Kennedy plans to attach either a boost in the minimum wage or a UI extension to other legislation in the Senate. He hasn't decided which, figuring legislation with both would be unlikely to get past the Republican-controlled House, spokesman Jim Manley says.

"The administration can no longer afford to ignore the pain and needs of ... struggling families," Kennedy says, putting forth a theme likely to be heard often in the election campaign ahead.

The extension of UI benefits in his bill would cost Washington about $1 billion per month.

Senator Daschle noted that the number of long-term unemployed – those jobless for six months or more – has grown from 648,000 in January 2001 to nearly 1.5 million in August.

For the unemployed, UI benefits are "an important but weak safety net," Lawrence Mishell, president of the Economic Policy Institute in Washington testified in Senate hearings Sept. 12. Without them, he says, "many families would quickly descend into poverty." Nearly one-third of jobless workers are unable to replace even 10 percent of their lost income from savings.

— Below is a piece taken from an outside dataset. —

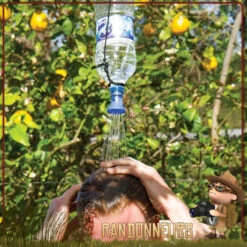 Douchette Portable Universelle Lifeventure -Camp Horizon Soldes Magasin douchette portable universelle lifeventure 4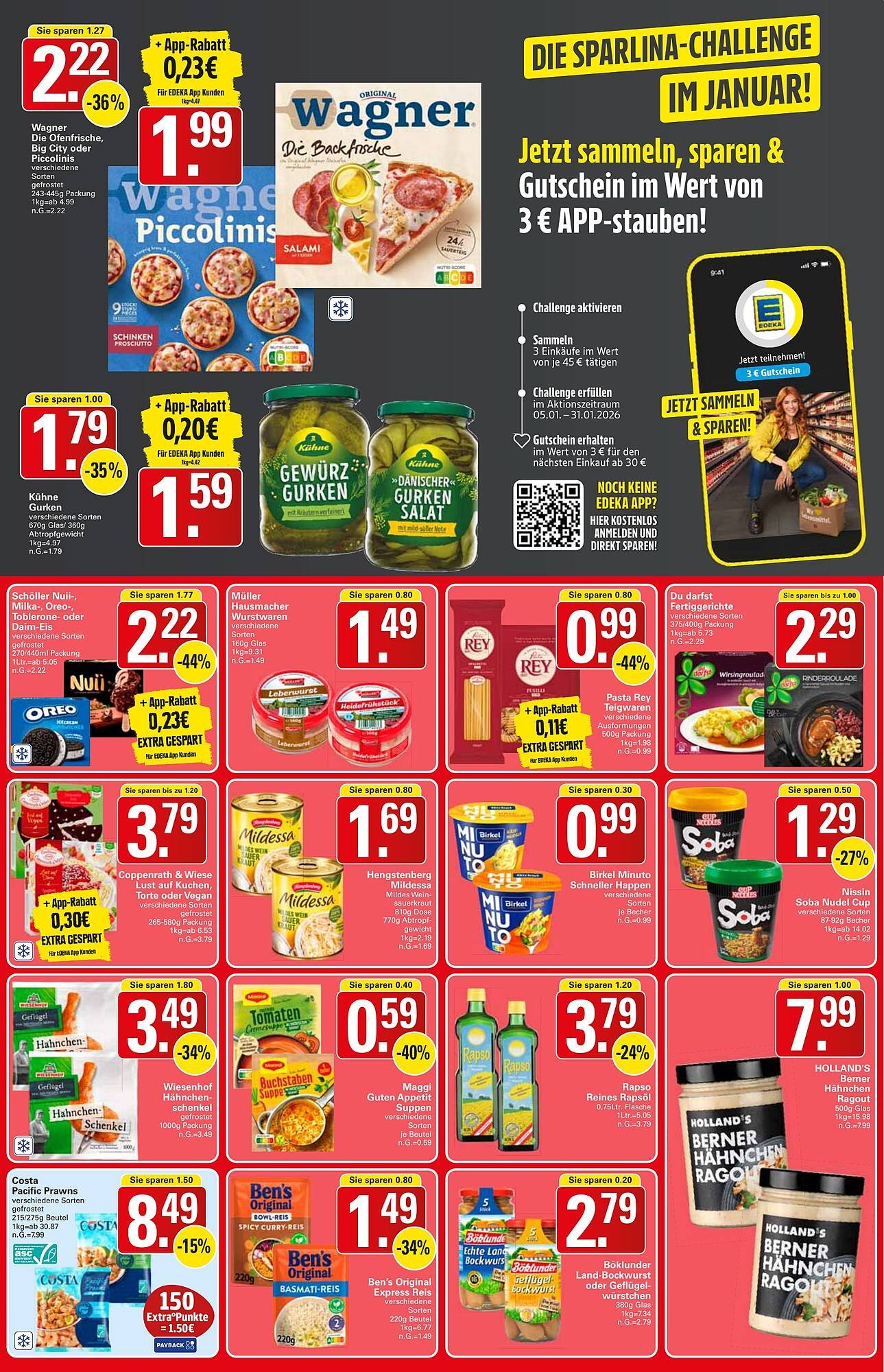 WEZ Prospekt (2026-01-12 - 2026-01-17)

Mr. Mishell notes that only 48 percent of today's workers who become jobless get UI benefits, far fewer than in the past. They get on average $254 a week for 14.7 weeks.

Last March, Congress passed an extension of unemployment benefits as part of the economic stimulus package. The program expires Dec. 31. But, according to Mr. Primus and his colleague Jessica Goldberg, though unemployment at 5.7 percent of the labor force in August would indicate a mild recession, this economic slump has hit workers harder than the 1990-91 recession.

Some 2.3 million workers exhausted their regular UI benefits over the past six months, more than the 2 million for the same period in the last recession.

Further, the current UI program is considerably less generous than the program established in 1991.

To Ron Bird, an economist with the more conservative Employment Policy Foundation in Washington, the "real issue" is the effectiveness of the nation's job service and unemployment insurance system in finding work for the jobless.

The percentage of the unemployed exhausting their benefits is going up. But this is not because there aren't jobs "out there,'' Mr. Bird says. State-operated job placement agencies, he says, must do better in training unemployed workers for those jobs and then matching them to the positions.

Bird calls an extension of UI benefits a "Band-Aid solution."

But Primus sees a second vital role for extending benefits. Besides helping the jobless, it would give the economy needed support. Benefits are targeted to areas hardest hit by the downturn. That money is quickly spent, he says.